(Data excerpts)
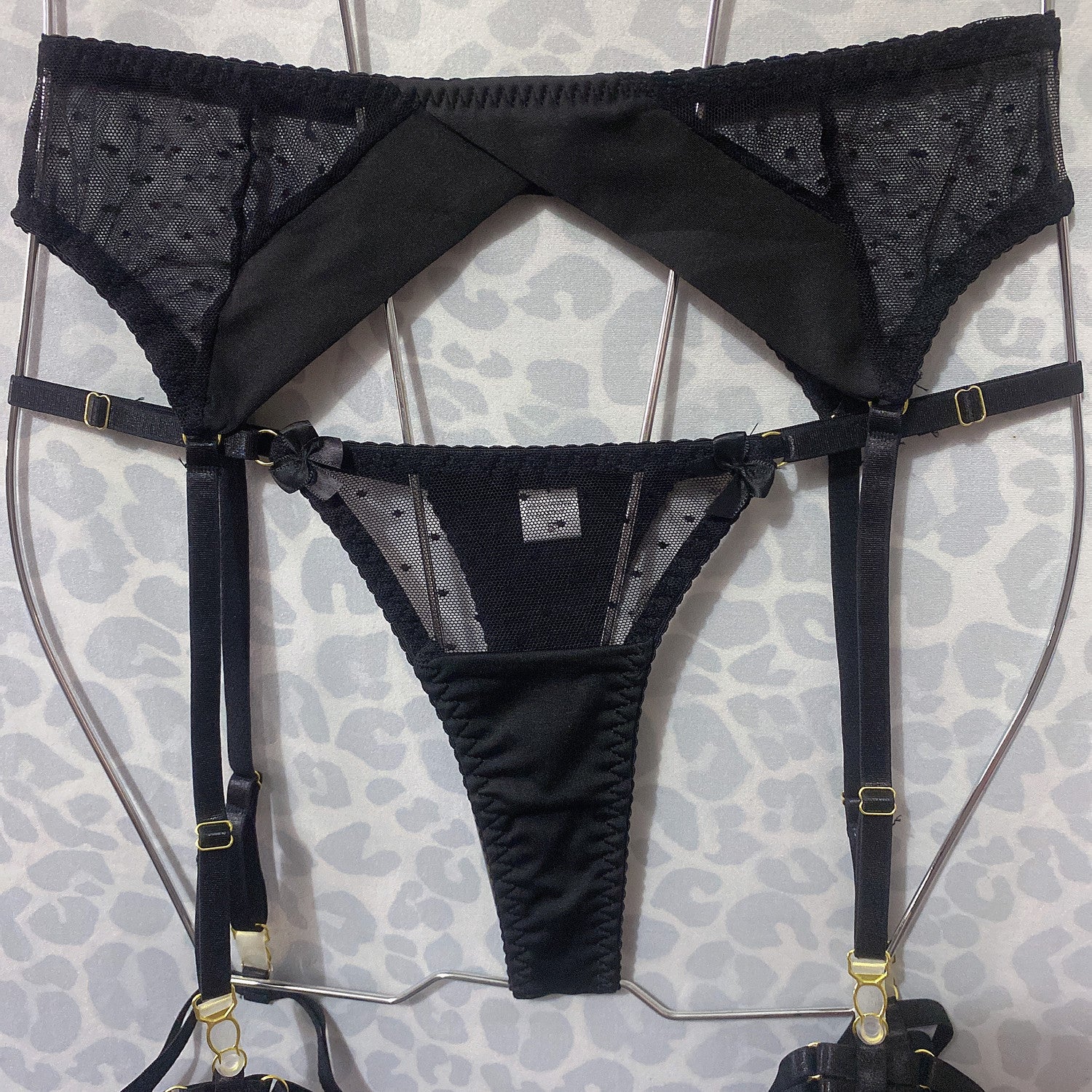 Polka Dot Stitching Bra See-through Underwear Suit Women - Dana Fashion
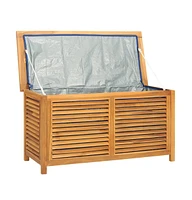 vidaXL Patio Storage Box with Bag 44.9"x19.7"x22.8" Solid Wood Teak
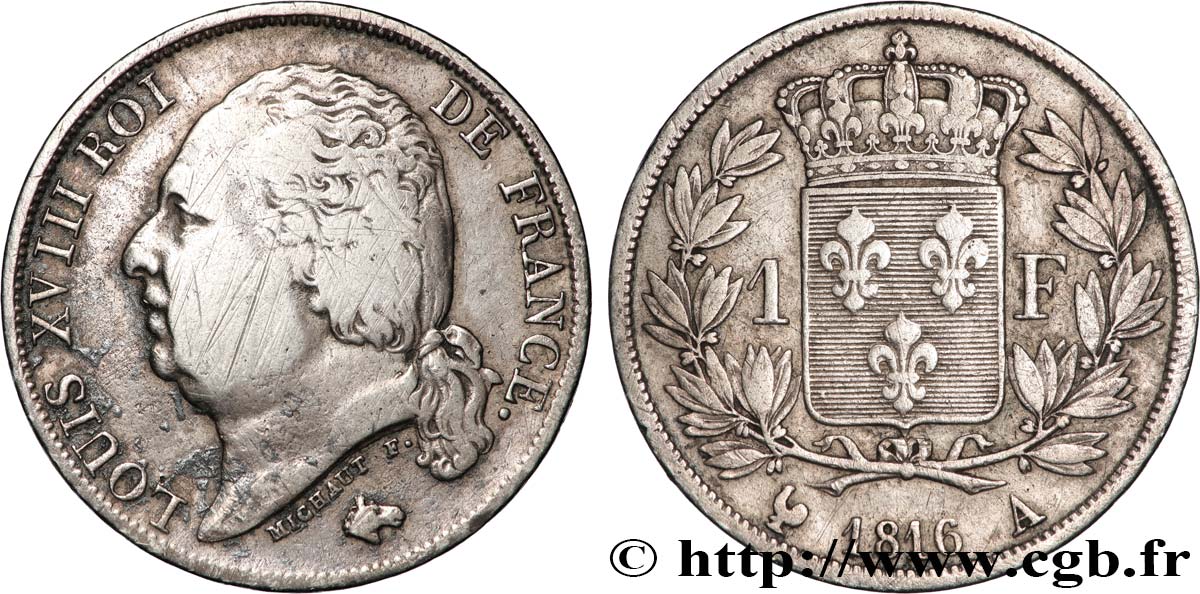 1 franc Louis XVIII 1816 Paris F.206/1 S 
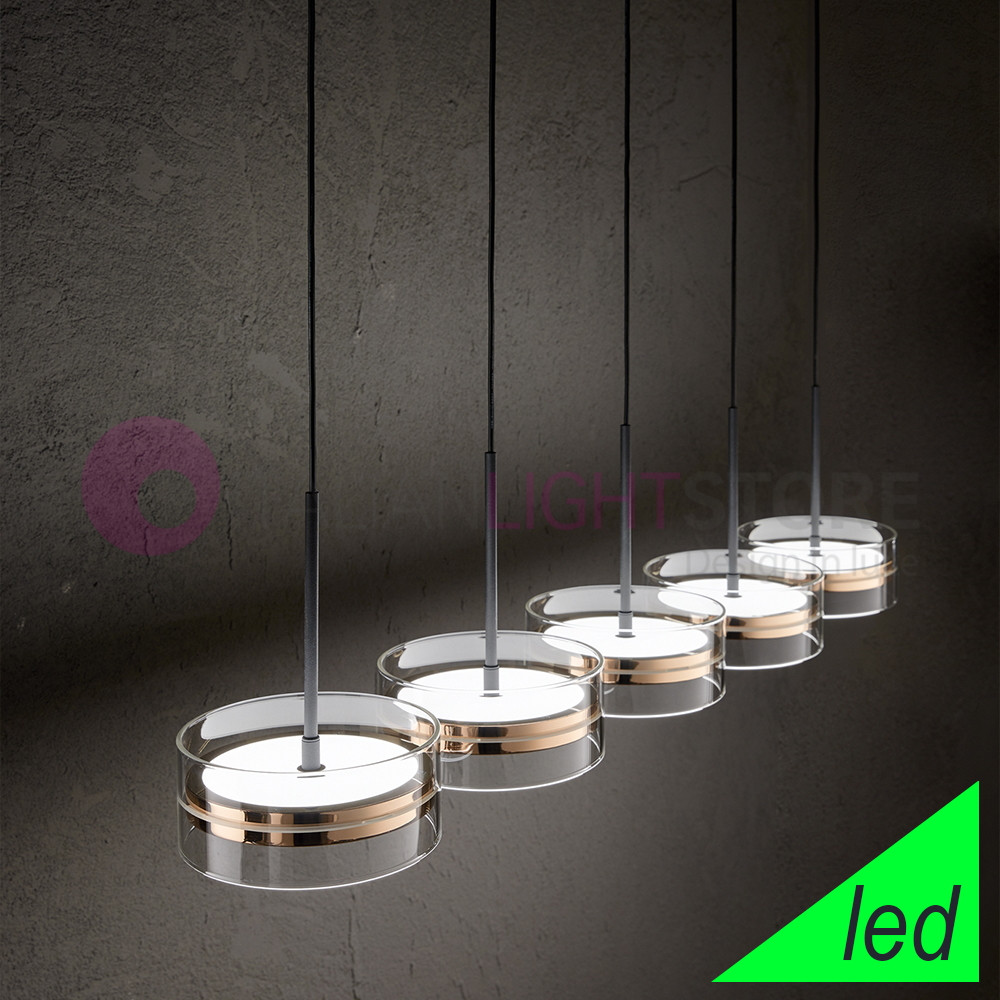 Lampada Led a 5 luci sospese AERE NERO + ORO/ROSA ART. 8218B LC Perenz Illumina
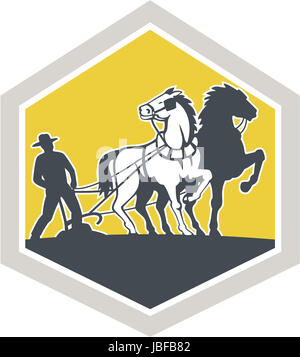 Farmer and Horse Plow Farm Crest Woodcut Retro Stock Photo - Alamy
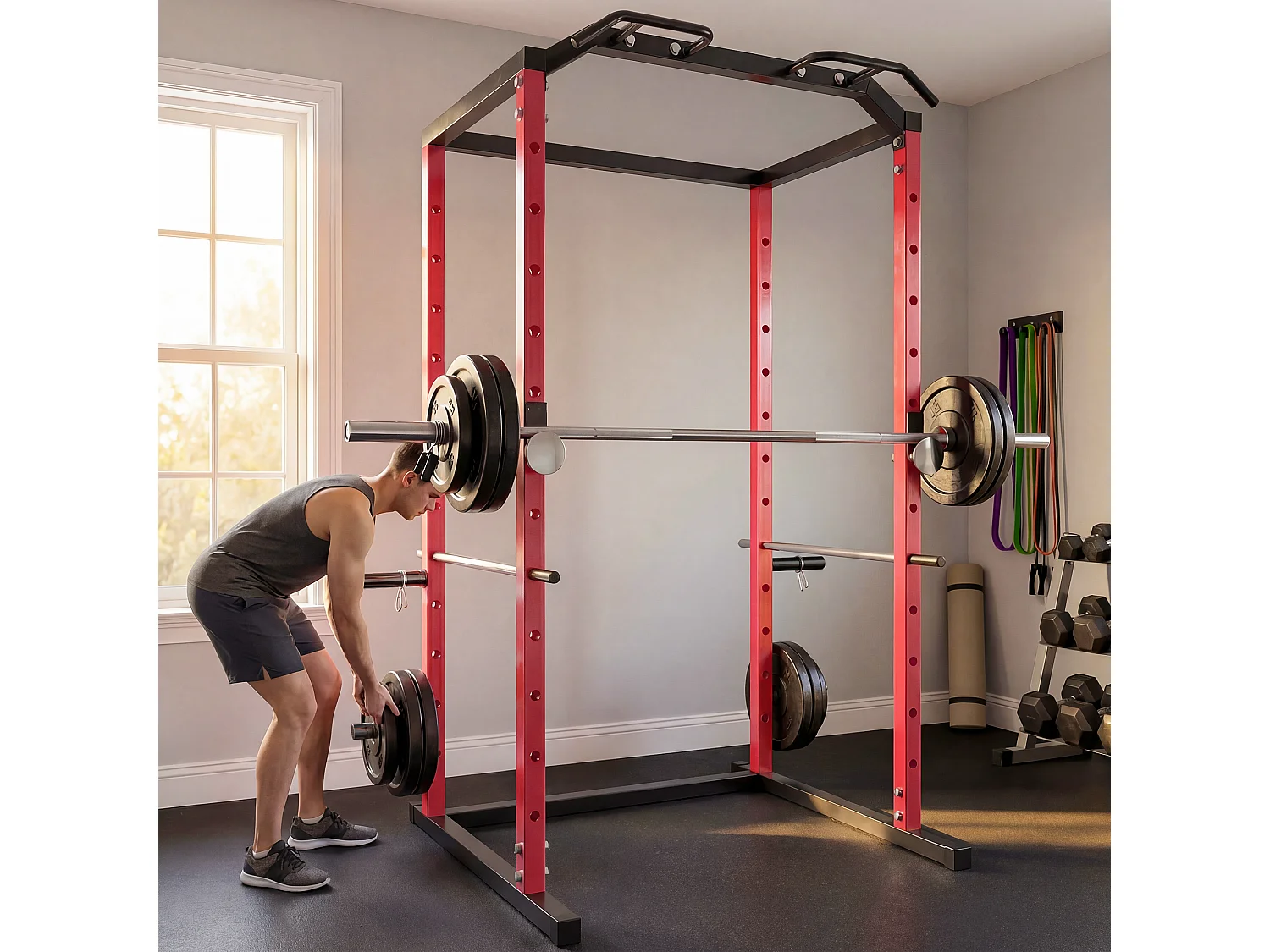 Power cage rack squat regolabile con barra trazioni in acciaio nero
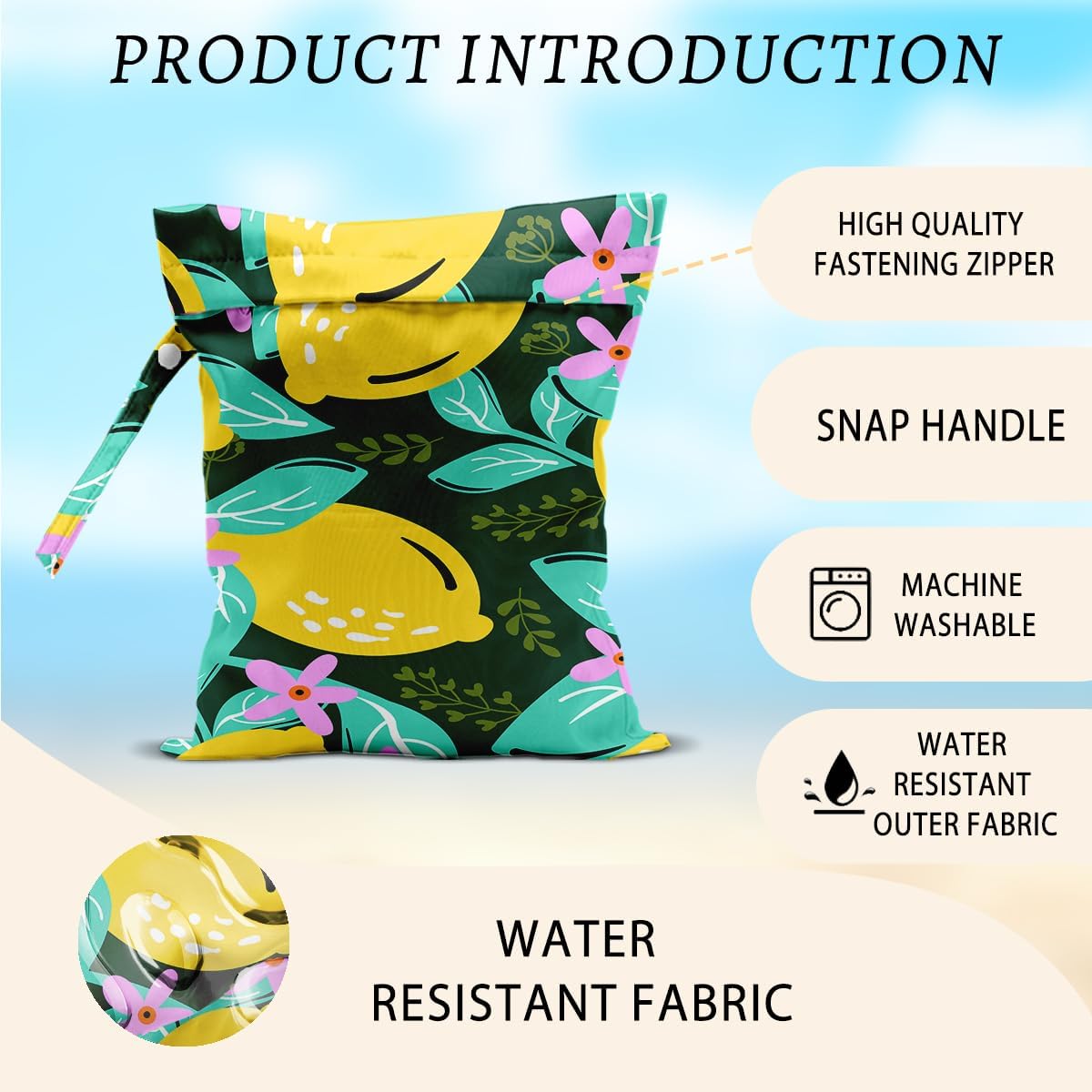 2Pcs Lemon Wet Bags 12x10 Inch, Flowers Waterproof Reusable Wet Dry Bags, Summer Washable Travel Laundry Bag for Swimsuit Beach Diapers Dirty Yoga Gym Clothes, Lemon Gifts for Women Friend Travelers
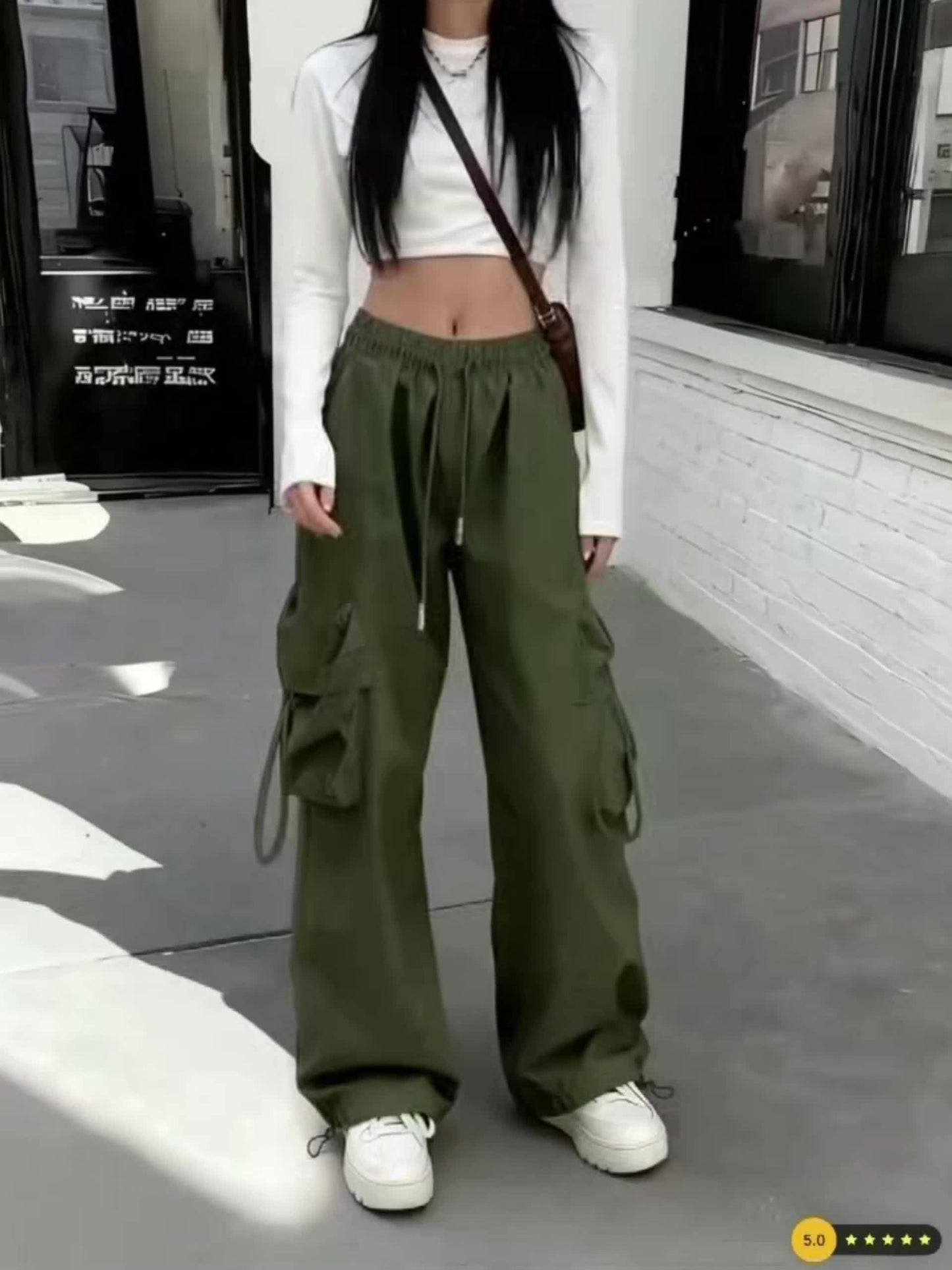 Effortless Cargo Pants for Women with Drawstring Waist Wide Leg Style
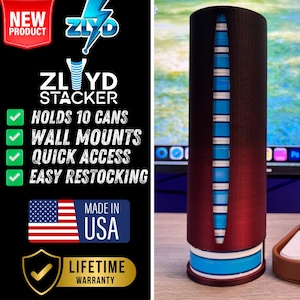 Nicotine/Tobacco/Snuff Can Dispenser | Crimson Red Can Holder Organizer | Wall Mount or Counter Storage Rack | Made in USA now for this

Task item = Write out again only the lines from the line that contains "Lampada Led a" through the last line of the records, both ends included, without any of the pictures.

Solution to this problem =
 Lampada Led a 5 luci sospese AERE NERO + ORO/ROSA ART. 8218B LC Perenz Illumina
 Farmer and Horse Plow Farm Crest Woodcut Retro Stock Photo - Alamy
 Power cage rack squat regolabile con barra trazioni in acciaio nero
 2Pcs Lemon Wet Bags 12x10 Inch, Flowers Waterproof Reusable Wet Dry Bags, Summer Washable Travel Laundry Bag for Swimsuit Beach Diapers Dirty Yoga Gym Clothes, Lemon Gifts for Women Friend Travelers
 Effortless Cargo Pants for Women with Drawstring Waist Wide Leg Style
 Nicotine/Tobacco/Snuff Can Dispenser | Crimson Red Can Holder Organizer | Wall Mount or Counter Storage Rack | Made in USA now for this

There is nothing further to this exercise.